Marshmallow Moments; Abandoning Productivity

marshmallow moment noun (I think)

1. a light, sweet, non-productive moment of forgetting that time exists

2. the cushion between our crumbly-cracker time

marsh mom

-I called Rylie a "marshmallow brain" yesterday morning.

It was all I could do to draw the attention off of myself.  I'd told her around 7:30 AM I was going to the store but there I was at 10:00, and 10:30 telling her I was "fixing to go".  Rather than have a graceful understanding that I was "doing something", and that I would go when the time was right, Rylie called me on it.  She reminded me that I have a bad habit of always saying I'm going, but I'm really not.

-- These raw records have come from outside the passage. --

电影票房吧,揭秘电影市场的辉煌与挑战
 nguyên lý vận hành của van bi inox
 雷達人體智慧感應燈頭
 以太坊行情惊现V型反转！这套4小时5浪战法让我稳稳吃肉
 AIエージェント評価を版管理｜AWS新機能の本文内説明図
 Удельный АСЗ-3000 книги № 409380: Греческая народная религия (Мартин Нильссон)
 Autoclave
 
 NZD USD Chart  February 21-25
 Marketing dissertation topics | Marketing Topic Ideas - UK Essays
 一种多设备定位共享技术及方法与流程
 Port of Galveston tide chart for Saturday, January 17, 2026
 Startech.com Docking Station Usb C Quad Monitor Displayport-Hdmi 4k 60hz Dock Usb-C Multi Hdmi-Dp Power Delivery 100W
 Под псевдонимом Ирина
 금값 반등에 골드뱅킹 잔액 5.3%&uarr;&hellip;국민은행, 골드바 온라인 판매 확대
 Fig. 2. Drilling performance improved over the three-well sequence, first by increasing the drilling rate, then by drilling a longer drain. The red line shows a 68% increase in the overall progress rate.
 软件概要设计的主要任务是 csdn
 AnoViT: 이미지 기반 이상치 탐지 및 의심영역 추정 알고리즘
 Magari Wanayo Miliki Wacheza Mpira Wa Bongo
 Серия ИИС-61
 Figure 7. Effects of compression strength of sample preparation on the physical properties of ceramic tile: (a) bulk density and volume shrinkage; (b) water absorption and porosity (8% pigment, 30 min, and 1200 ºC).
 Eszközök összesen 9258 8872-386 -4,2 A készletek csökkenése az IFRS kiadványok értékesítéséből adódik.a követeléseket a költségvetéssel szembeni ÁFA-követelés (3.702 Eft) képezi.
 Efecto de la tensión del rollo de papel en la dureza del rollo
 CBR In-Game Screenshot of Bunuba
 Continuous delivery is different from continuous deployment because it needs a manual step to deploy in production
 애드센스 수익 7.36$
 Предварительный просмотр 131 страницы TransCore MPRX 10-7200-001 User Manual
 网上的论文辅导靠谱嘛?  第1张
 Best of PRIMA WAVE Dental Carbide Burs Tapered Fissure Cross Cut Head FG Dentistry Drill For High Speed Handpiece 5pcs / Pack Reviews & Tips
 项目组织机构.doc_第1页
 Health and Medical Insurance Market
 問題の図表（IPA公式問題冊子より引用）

That's why I had to tell her that I wasn't going to be influenced by someone who had done nothing more than watch morning cartoons for over two hours, "a marshmallow brain" ( I occasionally resort to light name-calling).

Fast forward to 2:30.

It's time to pick Rylie up from a Splash party at church. I tell Hallie that I'll be home "in like fifteen minutes".  She says, "It won't be fifteen minutes, will it?". It strikes me at this moment that my children have busted me on my issues with time precision/perception, or maybe both.

Call it ADHD or a coping mechanism that overtakes me when I've been too busy, but there are times when I go to a place where there's no tick-tock; a mindless place where nothing HAS to be done. Right now I'm calling it "Summer".

Don't get me wrong.  I'm almost always on-time for scheduled events like church, appointments, meetings and school. I can do rigid.  There's just something in me, I suspect in us all, that cries out for flexibility.  I yearn for time where the hands on the clock do a little- two steps forward, one step back dance.  I like days where it seems, if just for a bit, like the hands on the clock stop.

It's summer.  The days are longer.  Perhaps they're not longer so that we can do more.

I have the library calendar stuck to my fridge.  The events that Rylie wants to attend are circled with sloppy purple marker.  The church calendar is pinned to my bulletin board.  I have white notecards with dentist and other appointments scribbled down.  Still, there's this white space. White space with possibility and white space where there's nothing more to be done than watch a show, or two.

I can write on my blog.

A sweet friend dropped a book that I've been wanting to read by the house.  I'm going to read it.

I can text an old friend...... for an hour, or have a thumb war with one of the kids.

I can allow myself moments of being a marshmallow brain; abandoning productivity.  I can relax in the sweet and flexible white-space that will be soon be sucked into the black-hole of real time.

 

And on that note, I must go.  My dryer is about to buzz.

Thankful for marshmallow moments.

For those of you still stuck in real-time, are there any marshmallow moments you long for this summer?